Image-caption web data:
━━━━━━━━
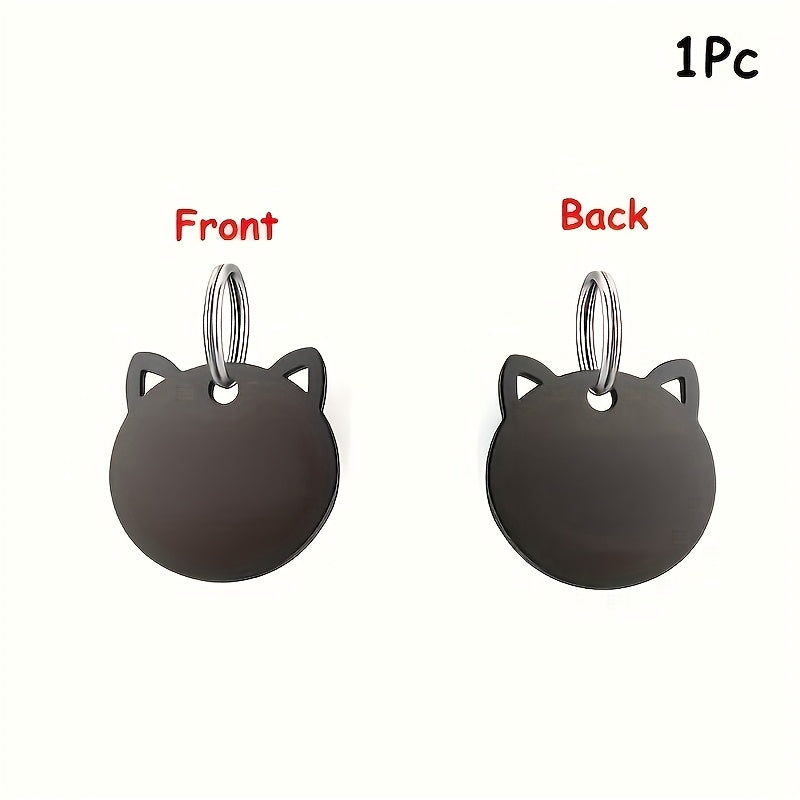 Médaille tête de chat personnalisable – Nom & téléphone – photo produit 2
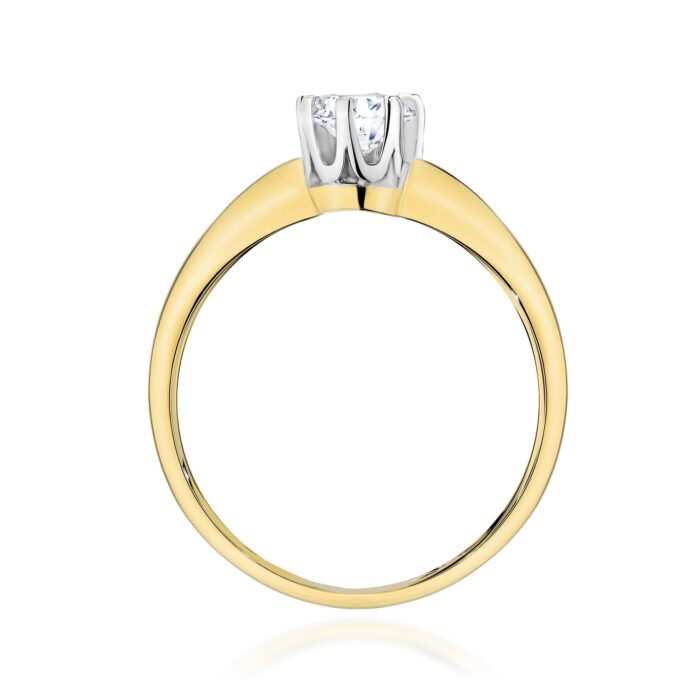 Inel Aur 14K cu Diamant de Laborator 0.30 ct - Imagine 3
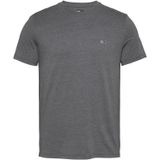 Tommy Jeans - T-shirt - Grijs - Slanke Pasvorm - Kwartmouw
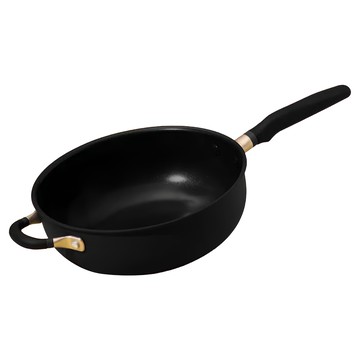 MEYER 美亞 Accent 陽極氧化不沾鍋萬用深煎鍋 微金亞光黑 4.3L 26cm 深煎炒多用途 適用電磁爐  1個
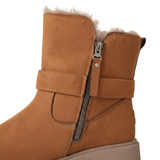Warme Snowboots tot Halverwege de Kuit, Trendy Rubberen Winterlaarzen, Hoge Schoenen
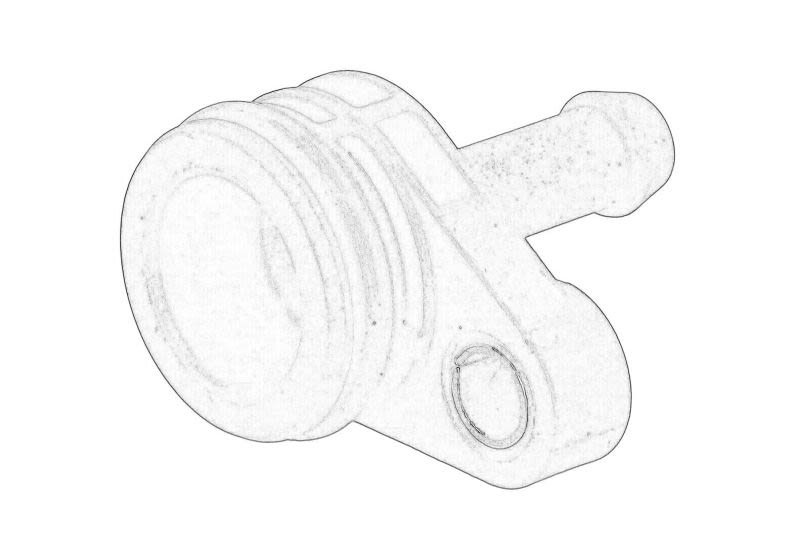 Brida de refrigerante OE VW 06K 121 143 para Audi A3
━━━━━━━━
Lines from the one with "MEYER 美亞 Accent" through the final line of the records are the whole answer; print them exactly, minus any pictures.

■ Exercise result
 MEYER 美亞 Accent 陽極氧化不沾鍋萬用深煎鍋 微金亞光黑 4.3L 26cm 深煎炒多用途 適用電磁爐  1個
Warme Snowboots tot Halverwege de Kuit, Trendy Rubberen Winterlaarzen, Hoge Schoenen
 Brida de refrigerante OE VW 06K 121 143 para Audi A3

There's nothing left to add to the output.